EXERCISE DESCRIPTION ▸ Print the records exactly as written, and let no picture into the answer.

#####

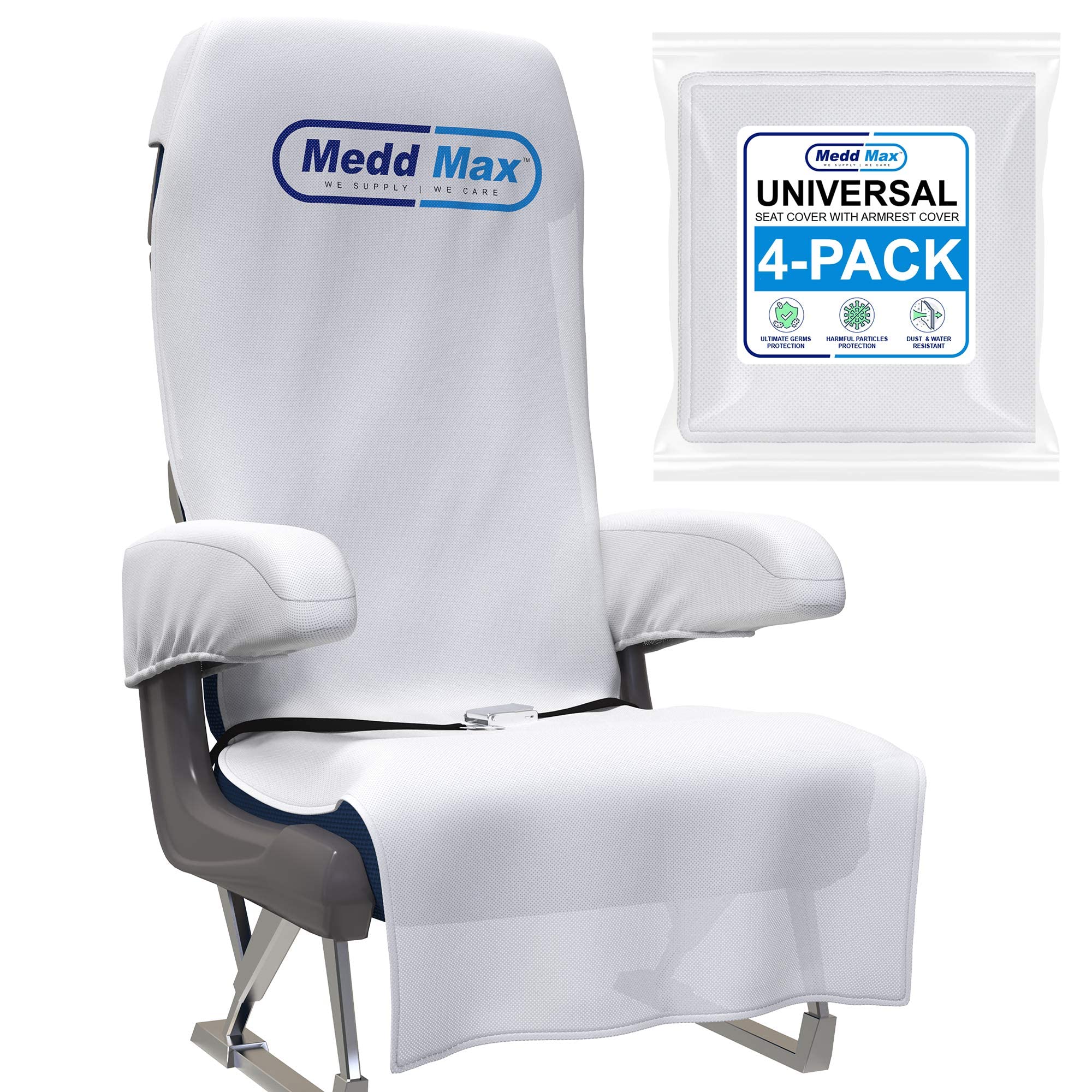 Medd Max Protective Airplane Seat Covers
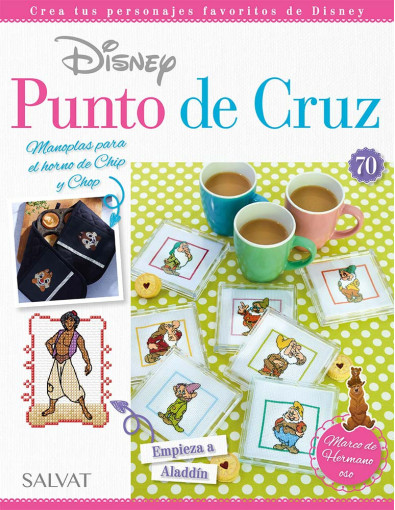Disney Punto de Cruz 70 Disney Punto de Cruz 70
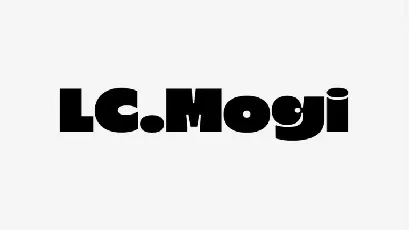 LC Mogi Family font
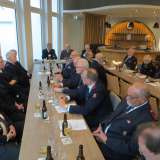 Jahresdienstbesprechung der Ehrenabteilung Kernstadt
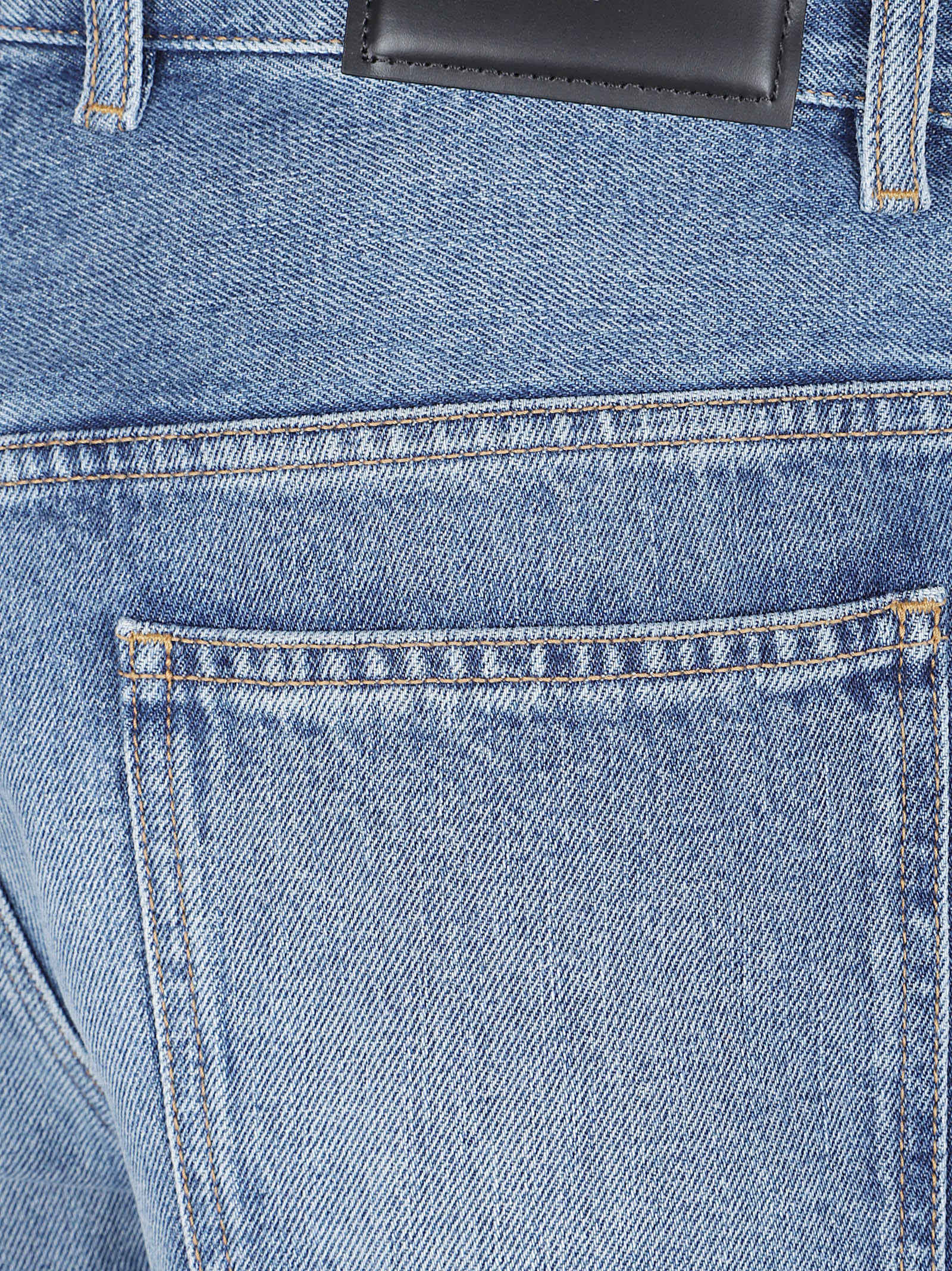 Medium Blue Relaxed Fit Jeans
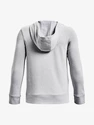 Bluza chłopięca Under Armour  Rival Terry FZ Hoodie-GRY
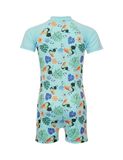  Bộ đồ bơi bé gái liền thân tay ngắn - IVKGM003 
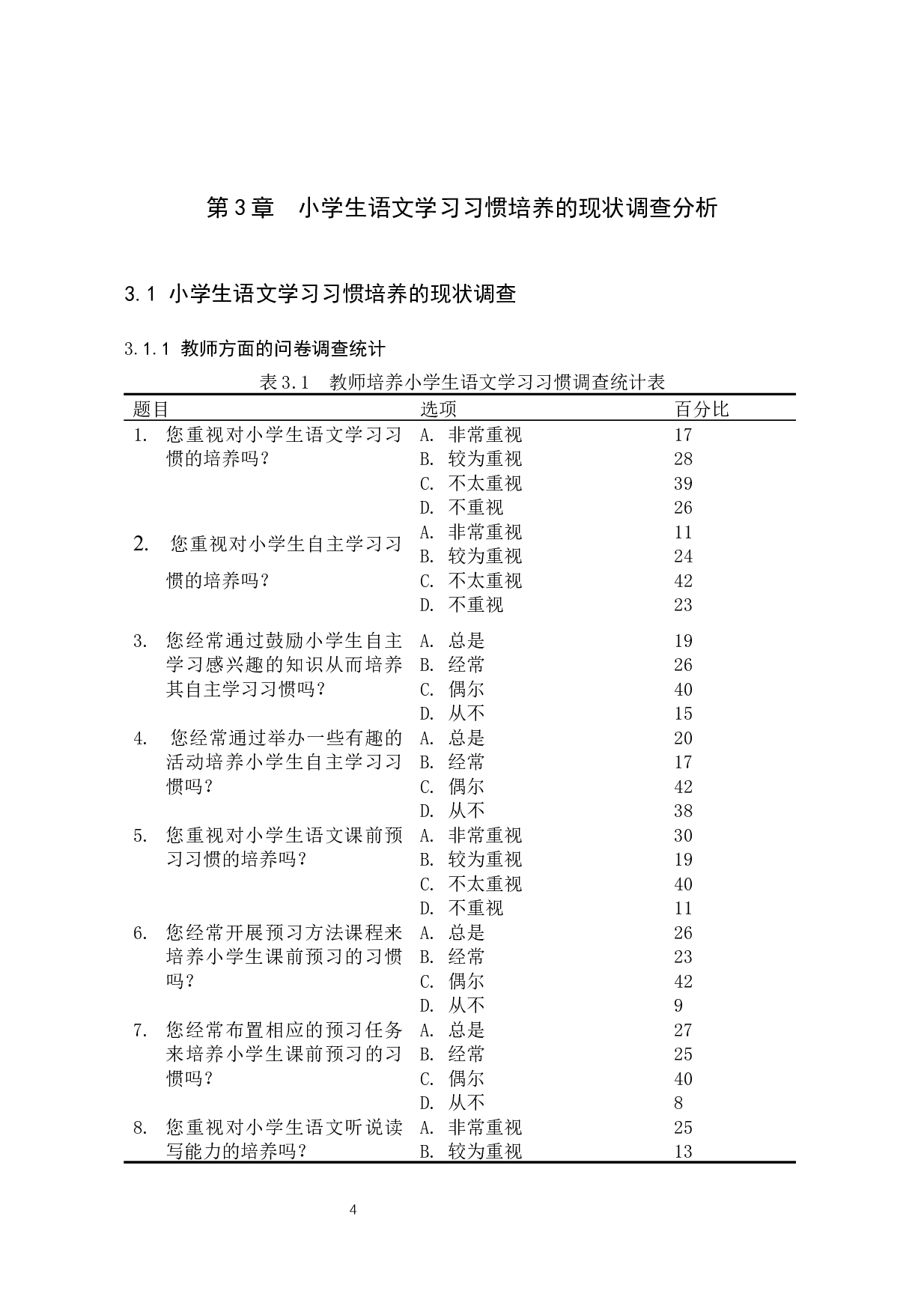 小学生语文学习习惯的培养策略研究-19398字.docx 第10页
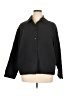 Assorted Brands Black 3/4 Sleeve Button-Down Shirt Size XL - photo 1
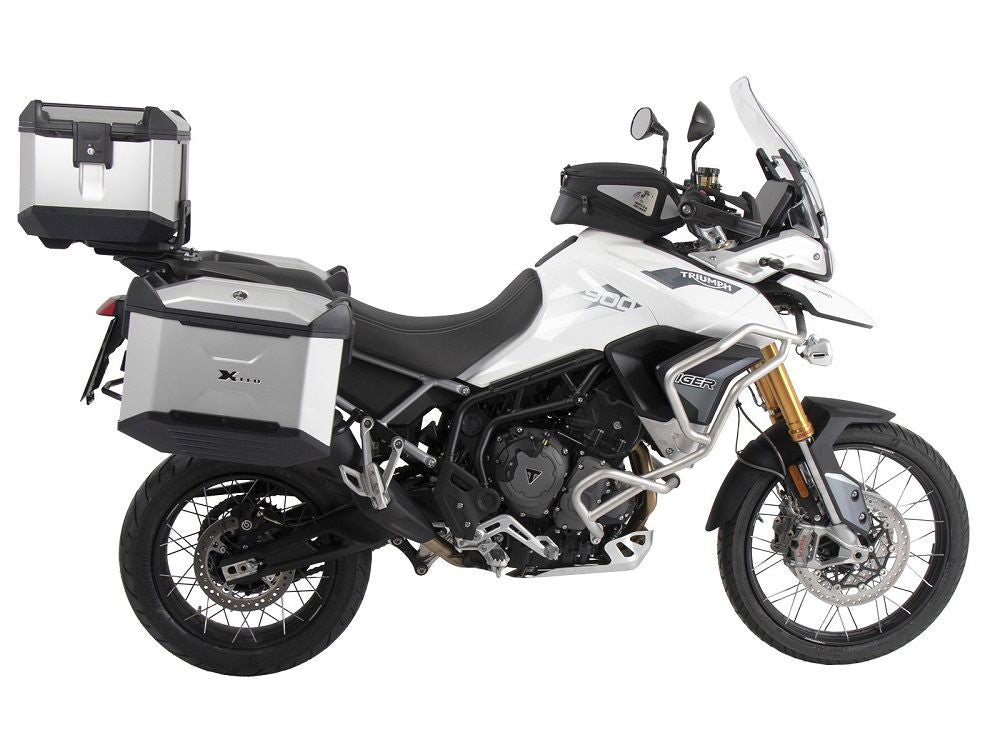 Topdrager Zwart Easyrack Hepco&Becker Triumph Tiger 900 Rally / Gt / Pro '20-23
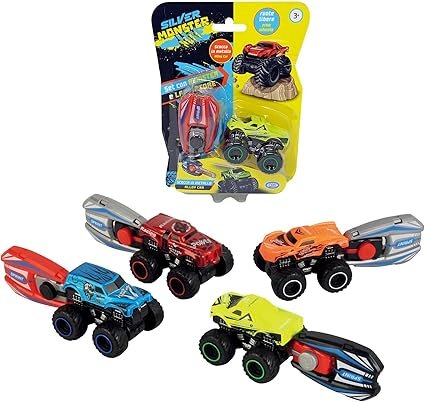 SILVER MONSTER - SET AUTO C/ LANCIATORE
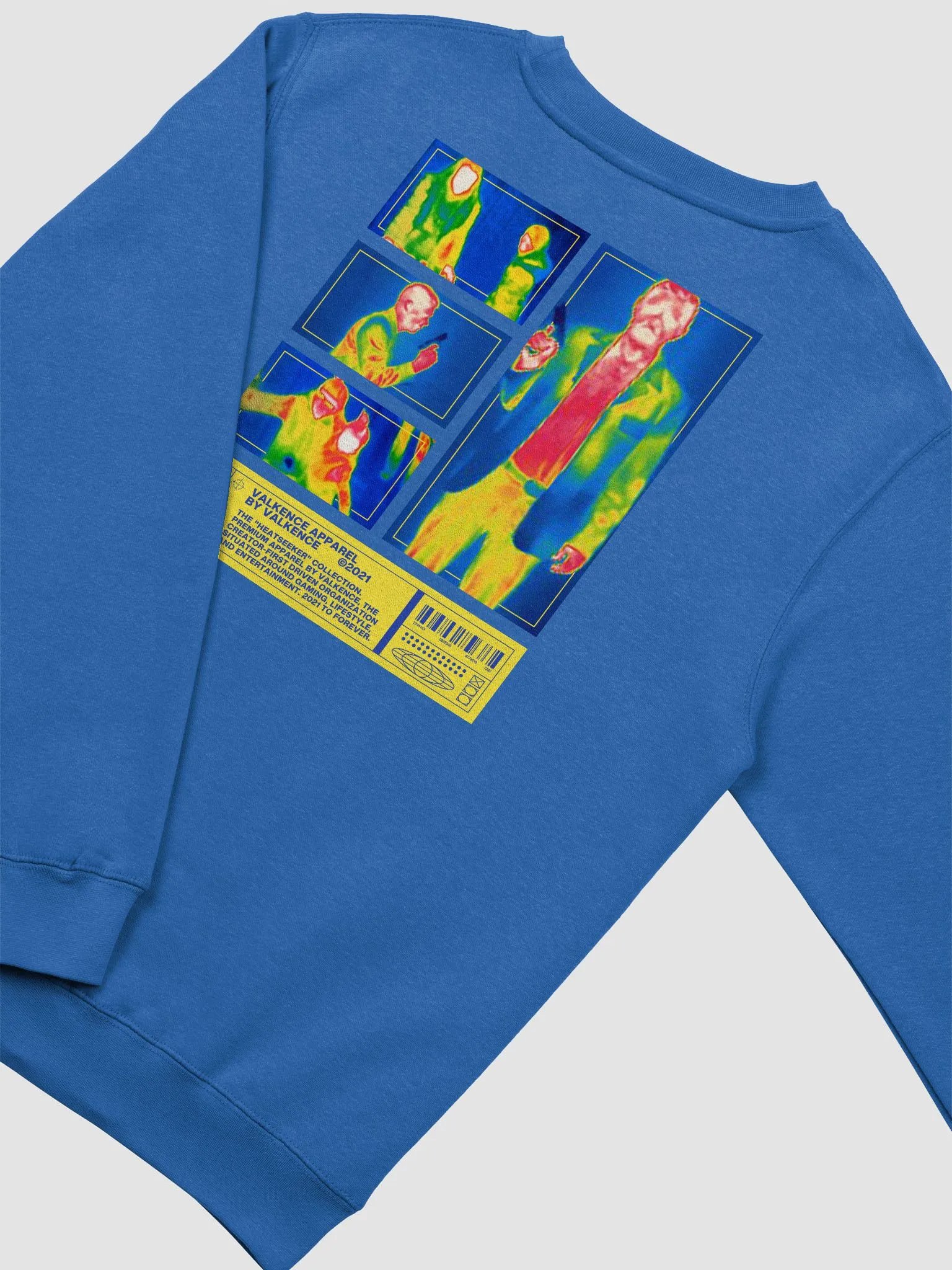 Heatseeker Crewneck - Royal Blue product image (3)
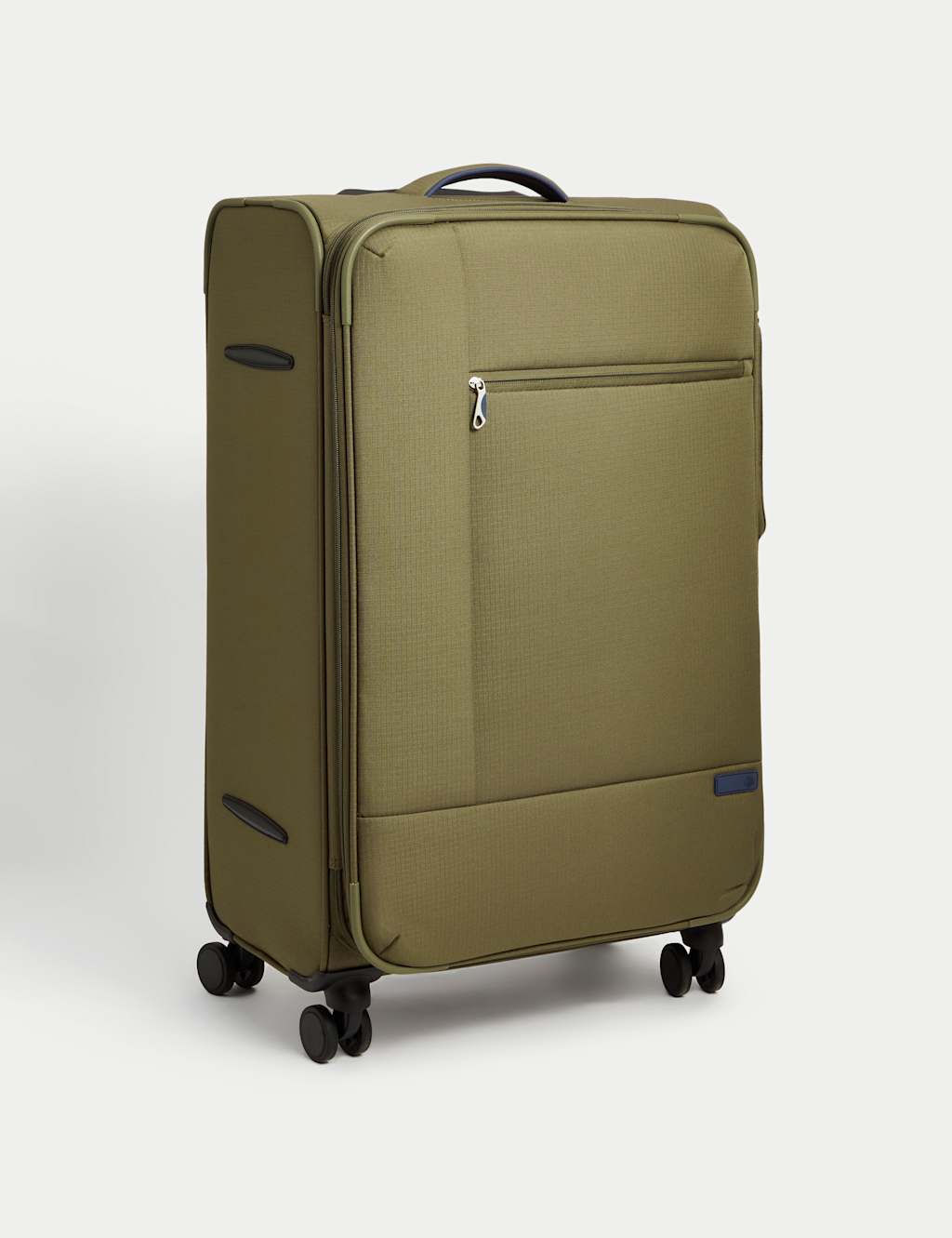 Seville 4 Wheel Soft Large Suitcase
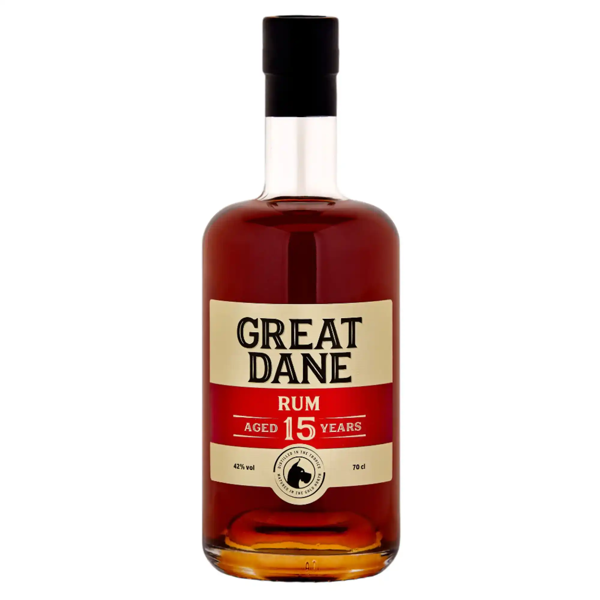 Great Dane 15 Years Rum 42.0% 0.7L, Spirits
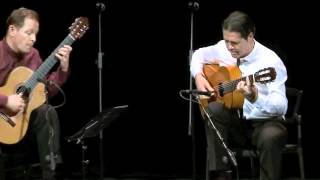 Manuel Herrera y Marcelo de la Puebla interpretan Calle del infierno de R. Riqueni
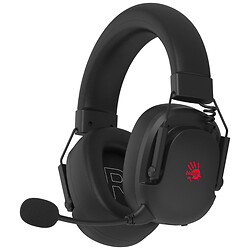 Bluetooth-гарнитура Bloody GR585, С микрофоном, Стерео, Черный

#####

EXERCISE RESPONSE ▸
 Medd Max Protective Airplane Seat Covers
Disney Punto de Cruz 70 Disney Punto de Cruz 70
 LC Mogi Family font
 Jahresdienstbesprechung der Ehrenabteilung Kernstadt
 Medium Blue Relaxed Fit Jeans
 Bluza chłopięca Under Armour  Rival Terry FZ Hoodie-GRY
  Bộ đồ bơi bé gái liền thân tay ngắn - IVKGM003 
 小学生语文学习习惯的培养策略研究-19398字.docx 第10页
 Assorted Brands Black 3/4 Sleeve Button-Down Shirt Size XL - photo 1
 Topdrager Zwart Easyrack Hepco&Becker Triumph Tiger 900 Rally / Gt / Pro '20-23
 SILVER MONSTER - SET AUTO C/ LANCIATORE
 Heatseeker Crewneck - Royal Blue product image (3)
 Seville 4 Wheel Soft Large Suitcase
 Great Dane 15 Years Rum 42.0% 0.7L, Spirits
 Manuel Herrera y Marcelo de la Puebla interpretan Calle del infierno de R. Riqueni
 Bluetooth-гарнитура Bloody GR585, С микрофоном, Стерео, Черный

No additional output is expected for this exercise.